--- Action item ---
Everything in the data that follows should be given again verbatim, except the images.

--- Dataset excerpt ---
########################################

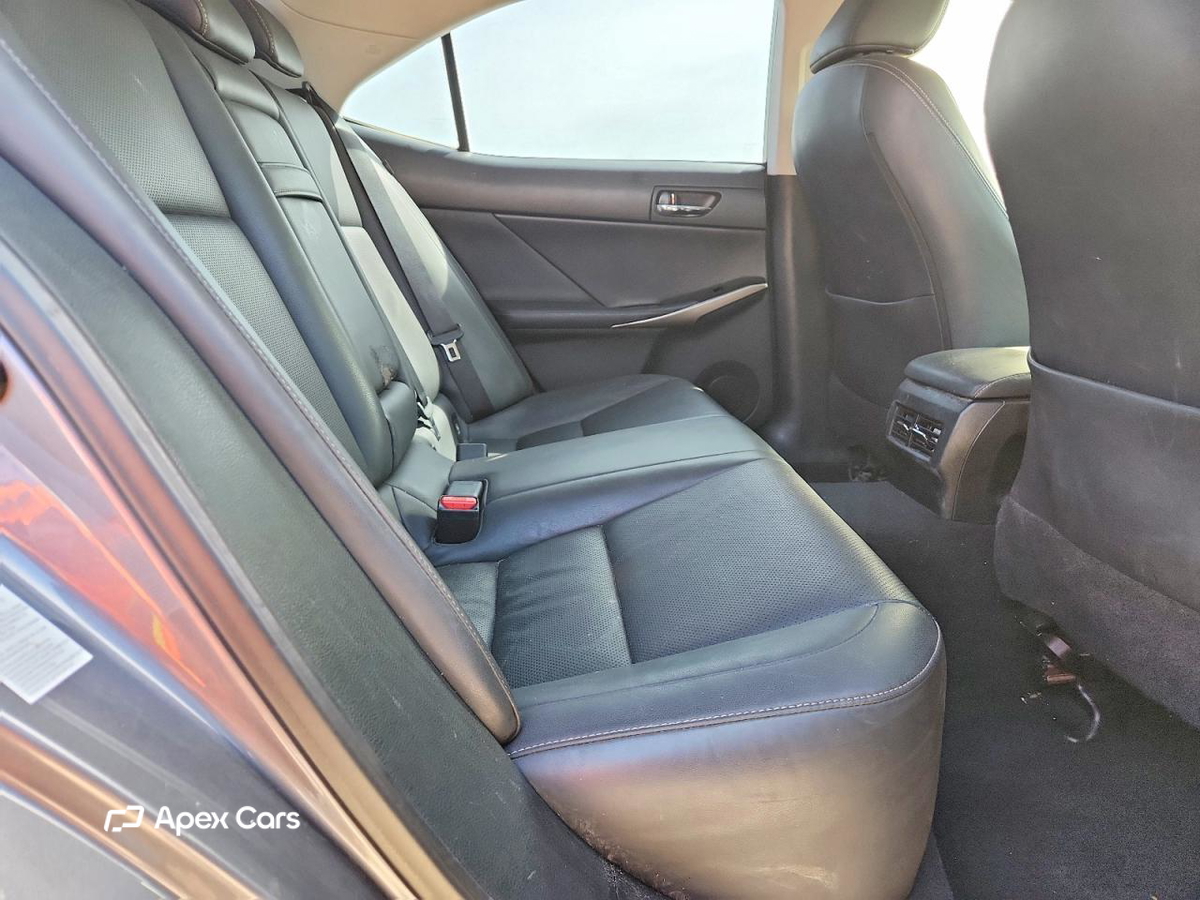 Lexus IS 2016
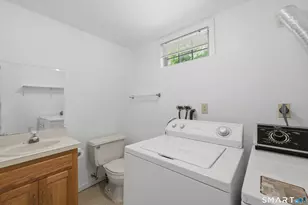 181 Haddad Rd, Waterbury, CT 06708 - Photo 25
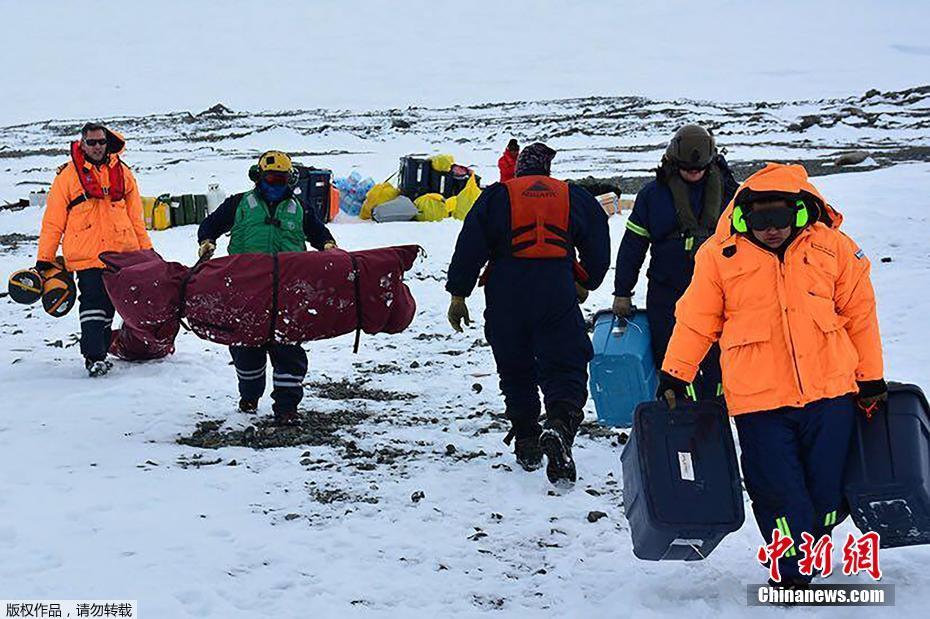 杰倫約翰遜現(xiàn)實那么強 游戲怎么那么難用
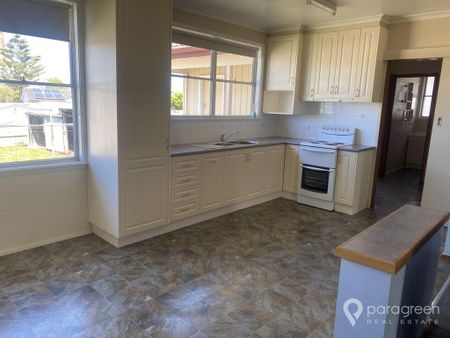 14 Gunn Street, TOORA VIC 3962 - Photo 2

########################################

--- Output of the task ---
 Lexus IS 2016
 181 Haddad Rd, Waterbury, CT 06708 - Photo 25
 杰倫約翰遜現(xiàn)實那么強 游戲怎么那么難用
 14 Gunn Street, TOORA VIC 3962 - Photo 2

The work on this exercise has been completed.